My headlights seem to turn on whenever they want.I try and turn them on but nothing, they go out for a couple days and then they come back on. Any ideas on what i should be checking? Also i noticed that my license plate lights dont work either..Any feedback is greatly appreciated?


----------



## Wrench97 (May 10, 2008)

They turn on even when the switch is off? 
Check the switch and harness plug for shorts or burnt wires.


----------



## mack1 (Nov 27, 2007)

> This message has been deleted by Midnight Tech. Reason: Forum decided wrench's post was so good, it gave it to us twice.

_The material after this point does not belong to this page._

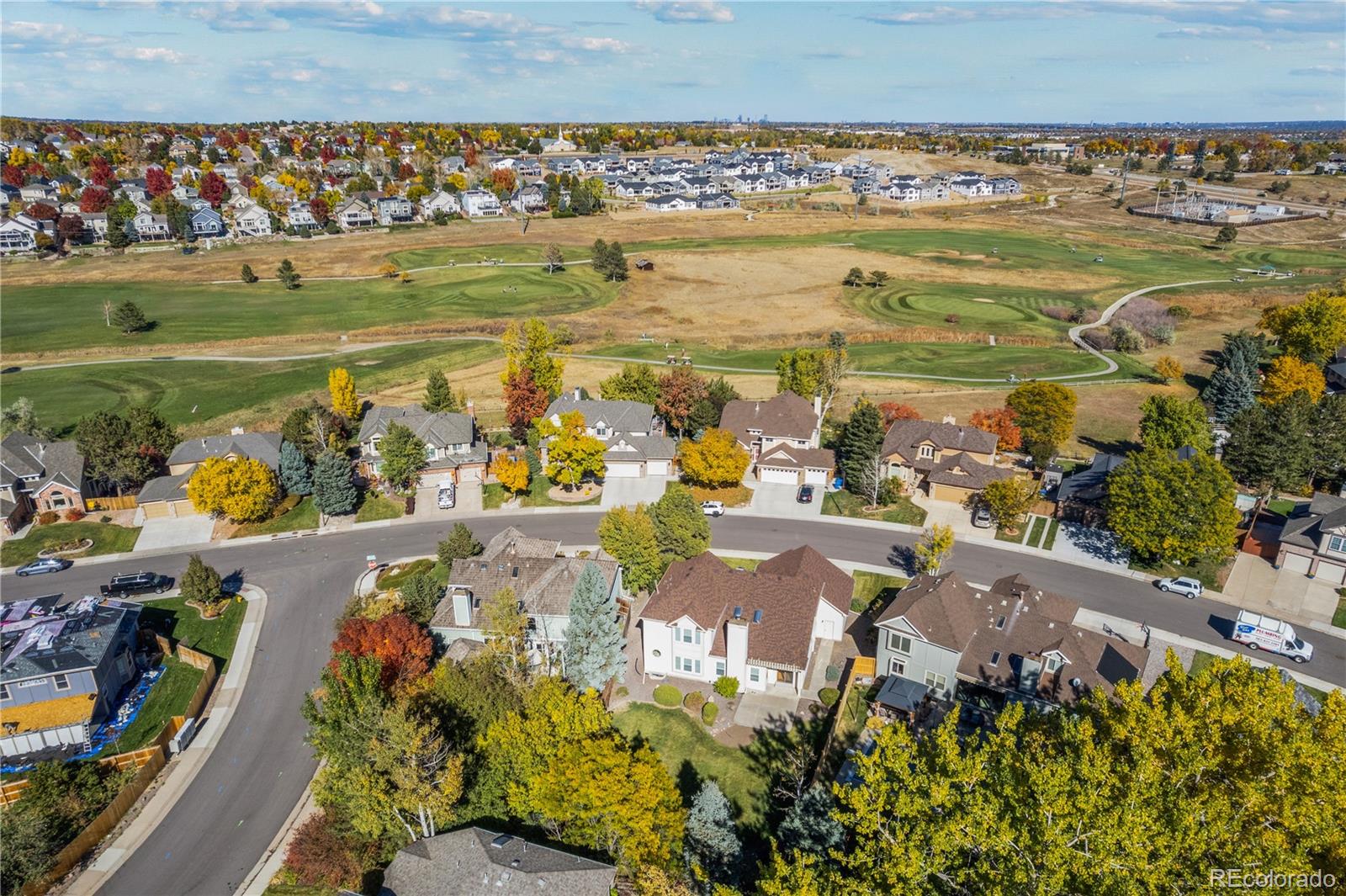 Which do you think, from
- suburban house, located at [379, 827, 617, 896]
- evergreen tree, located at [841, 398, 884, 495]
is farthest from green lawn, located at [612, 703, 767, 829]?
evergreen tree, located at [841, 398, 884, 495]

I can believe that:grin::grin:


----------



## Raylo (Feb 12, 2006)

Could also be a sticky relay. Not much in the circuit but switch, fuse, relay and some wires....


----------



## Wrench97 (May 10, 2008)

No relays on a 68 Chevy. Dimmer switch on the floor after the dash H/L switch.
The headlight switch has a circuit breaker built in, the tail lights are fused before the switch on a separate circuit.


----------



## halftwisted_3 (May 14, 2009)

No, whenever i try to turn them on tey either dont go on for a couple days at a time or it simply just works.


----------



## halftwisted_3 (May 14, 2009)

wrench97 said:


> No relays on a 68 Chevy. Dimmer switch on the floor after the dash H/L switch.
> The headlight switch has a circuit breaker built in, the tail lights are fused before the switch on a separate circuit.

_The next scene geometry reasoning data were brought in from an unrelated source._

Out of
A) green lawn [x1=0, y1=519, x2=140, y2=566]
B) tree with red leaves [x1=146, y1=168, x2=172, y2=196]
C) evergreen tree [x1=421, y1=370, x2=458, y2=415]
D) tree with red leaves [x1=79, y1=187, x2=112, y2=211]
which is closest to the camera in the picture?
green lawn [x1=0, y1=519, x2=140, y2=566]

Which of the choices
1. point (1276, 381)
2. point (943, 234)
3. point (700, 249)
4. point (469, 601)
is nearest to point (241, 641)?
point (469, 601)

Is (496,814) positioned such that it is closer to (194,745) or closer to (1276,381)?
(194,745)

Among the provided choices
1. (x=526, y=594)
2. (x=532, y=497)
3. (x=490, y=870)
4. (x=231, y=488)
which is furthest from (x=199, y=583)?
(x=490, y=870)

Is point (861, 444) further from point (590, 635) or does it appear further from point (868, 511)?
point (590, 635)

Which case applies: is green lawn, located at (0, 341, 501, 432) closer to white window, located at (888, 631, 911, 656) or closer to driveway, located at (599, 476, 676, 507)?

Is there any way that i can test the headlight switch?


----------



## Wrench97 (May 10, 2008)

If you pull the switch out and check the connector for signs of burnt wires or melted connector, sometimes the wires will even be loose in the connector. also if it just the headlights check the 3 wires at the dimmer switch one will hot from the headlight switch the other 2 are high and low beam circuits feeding the headlights sometimes it is the dimmer switch that causes the headlights not to work or the connections at the switch.

I'll look around to see if I can find a wire diagram to get you the wire colors.


----------



## Wrench97 (May 10, 2008)

Here is a link to one I found from memory it seems to be correct.
Using a test light to back probe the connector at the headlight switch do not pierce the wire insulation just probe the brass contact in the plug.

12 gauge Red should be hot all the time it is the feed for the headlights
16 gauge Dark Green is the feed from the fuse box for the tail lights.
14 gauge Light Blue is the feed to the dimmer switch should be hot when the switch is turned on and feed 12v to the dimmer switch.

Check these and see what you have the red 12v is fed through the bulkhead connector on the same circuit as the ign switch so you should have current there if the truck starts.

http://www.boomspeed.com/bofh1968/chevy/master_wiring_diagram.pdf


----------



## SJCharney (May 15, 2009)

You may want to reach out to this site................www.67-72chevytrucks.com. There is a great tech forum there specifically for chevy trucks.


----------